One very concrete example is that the U.S. has finally agreed to participate in COVAX, which is co-led by the WHO. This commitment by the U.S. will strengthen efforts to distribute vaccines in countries that otherwise have no or very limited access.
COVID-19 has killed more people in the U.S. than in any other country, and most U.S. citizens are not yet vaccinated. Why is it a good thing to divert attention and resources to other countries?
There are two very good reasons to do this: one altruistic and the other selfish. First of all, it’s the right thing to do. All lives are valuable; someone who was fortunate enough to be born in a wealthy country should not have better access to health and quality health care than one who was not.
Second, the lack of a global vaccine strategy actually lengthens the pandemic. It is not possible to eradicate a virus this infectious in just one country. SARS-CoV-2 and its variants have demonstrated that they are fast, efficient travelers. As long as this virus continues infecting people, it will continue mutating, creating the more infectious variants. That puts all of us at risk. We won’t be protected until all countries are protected.
Given the criticisms the World Health Organization has faced for its response to the pandemic, is staying involved ultimately going to benefit the U.S.?
U.S. participation makes the World Health Organization stronger and gives us a seat at the table in creating important solutions, now and for the future. What improvements can we make to our pandemic alert system? How do we prepare for the next pandemic? How do we build resilience?
With the rate of global travel and instant worldwide communication we have today, unilateralism is not only ill-advised; it’s impossible. We’re all breathing the same air, so to speak. And infectious diseases are just one example of how global health issues affect us all.
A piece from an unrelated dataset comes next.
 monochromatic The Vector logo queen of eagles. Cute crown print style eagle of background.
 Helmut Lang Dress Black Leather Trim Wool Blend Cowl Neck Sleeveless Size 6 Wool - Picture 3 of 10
What other issues are most in need of worldwide solutions?
Well, first, the impact of this pandemic will go far beyond the more than the 100 million people infected. By the time it’s over, how many businesses will have closed? How many more people will be food insecure or suffering mental health impacts? How many children will have suffered education losses because virtual education wasn’t a viable option for them, and how many will have dropped out? These are far-reaching problems with long-term effects on health in every country.
Second, there are the issues that existed long before the pandemic, and have even grown worse during the pandemic. Disparities in access to health care, or to the conditions necessary for good health, are limiting entire communities — and many countries — from realizing their potential. These disparities have economic and social costs, not to mention the fact that it is heartbreaking to know that there are places in the world where people are dying of completely curable and preventable conditions.
The U.S. can and should be a leader in solving these problems. The best way to do that is to work with the primary organization that’s set up to address human health across all borders, worldwide. Most health problems know no borders. We are all in this together.